The Attempt at a Solution

 

[SteamKing]

Your preferred method is correct until you reach the statement:

sin 77.32 / 50 = sin 12.68 / P ---> incorrect statement

If you draw a proper free body diagram of the collar, you will see that the tension in line AB = 50 lb. You know from trigonometry that the horizontal force P must equal 50 * cos a, where the angle 'a' is between line AB and the horizontal, which is 77.32 degrees, when x = 4.5 in.

 

[baird.lindsay]

Your preferred method is correct until you reach the statement:

sin 77.32 / 50 = sin 12.68 / P ---> incorrect statement

If you draw a proper free body diagram of the collar, you will see that the tension in line AB = 50 lb. You know from trigonometry that the horizontal force P must equal 50 * cos a, where the angle 'a' is between line AB and the horizontal, which is 77.32 degrees, when x = 4.5 in.

I am confused because when I draw a free body diagram. I draw it through the center of the collar and move the weight vector to the negative y axis. I have the tension force in the first quadrant , I have the P force on the -x axis , and I have the weight force on the negative y axis.

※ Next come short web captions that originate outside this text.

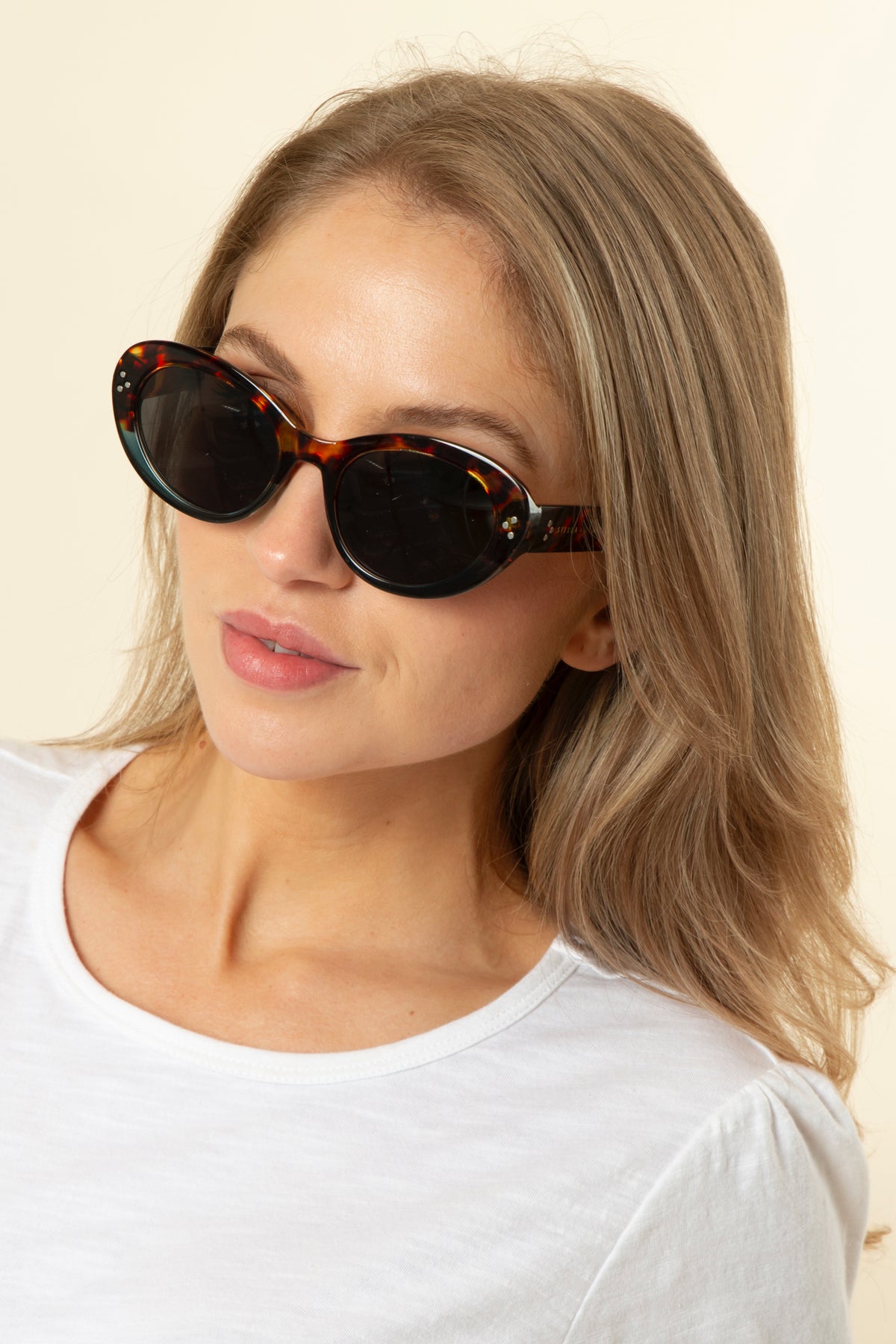 Ruby Navy Tort Sunglasses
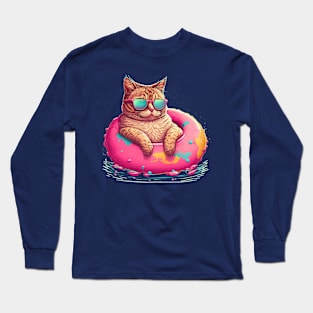 Cool Chonk at the Pool Party Long Sleeve T-Shirt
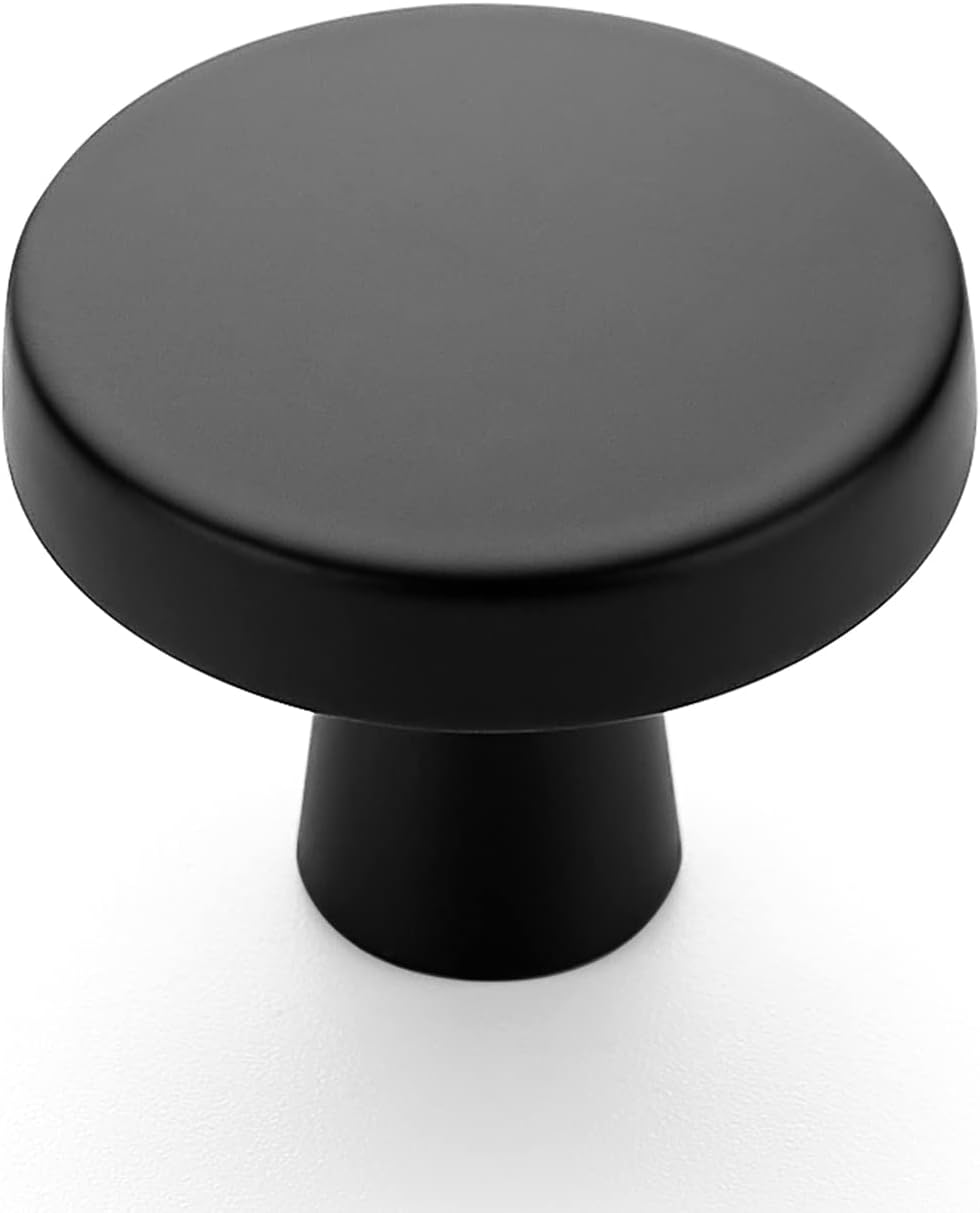 Ravinte 50 Pack 1-1/4 Inch Kitchen Cabinet Knobs Solid Round Dresser Drawer Knobs Matte Black Dresser Knobs Simple Cabinet Hardware for Cupboard Drawer Pulls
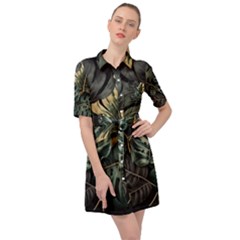 Tropical Leaves Foliage Monstera Nature Home Belted Shirt Dress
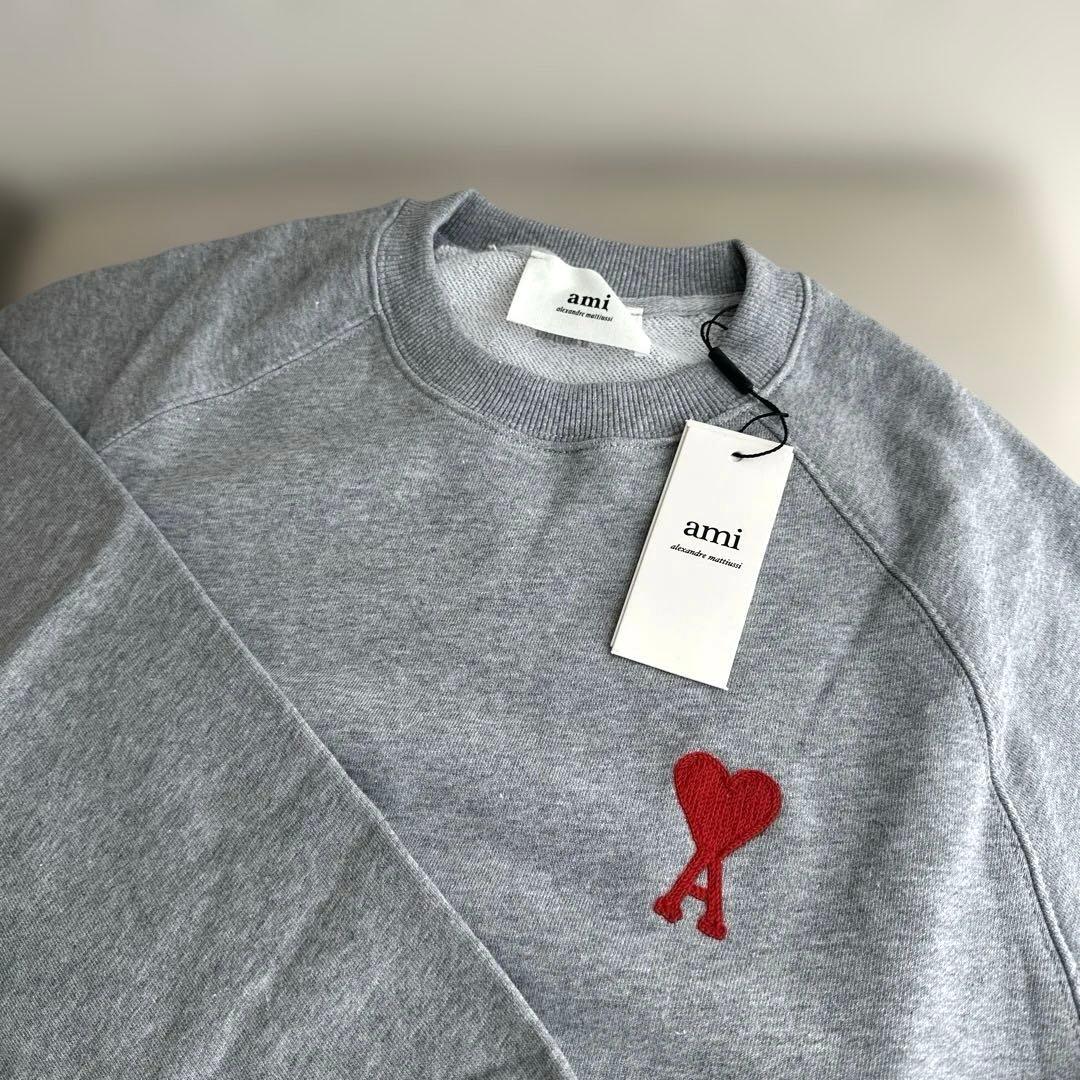 【新品未使用】AMI PARIS アミパリス ロゴトレーナー グレー Mサイズ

That doesn't look right because the forces don't add up.. I get T sub x cos 77.32-P=0 and T sub y sin 77.32 - weight =0

 

[SteamKing]

If B is a frictionless sheave, then the tension in the line must be the same on both sides of the sheave. Since the weight C of 50 lbs is static, then the tension in line AB must also be 50 lbs. Once this fact is established, then the force P can be worked out using trig, which is determined by the distances given in the setup.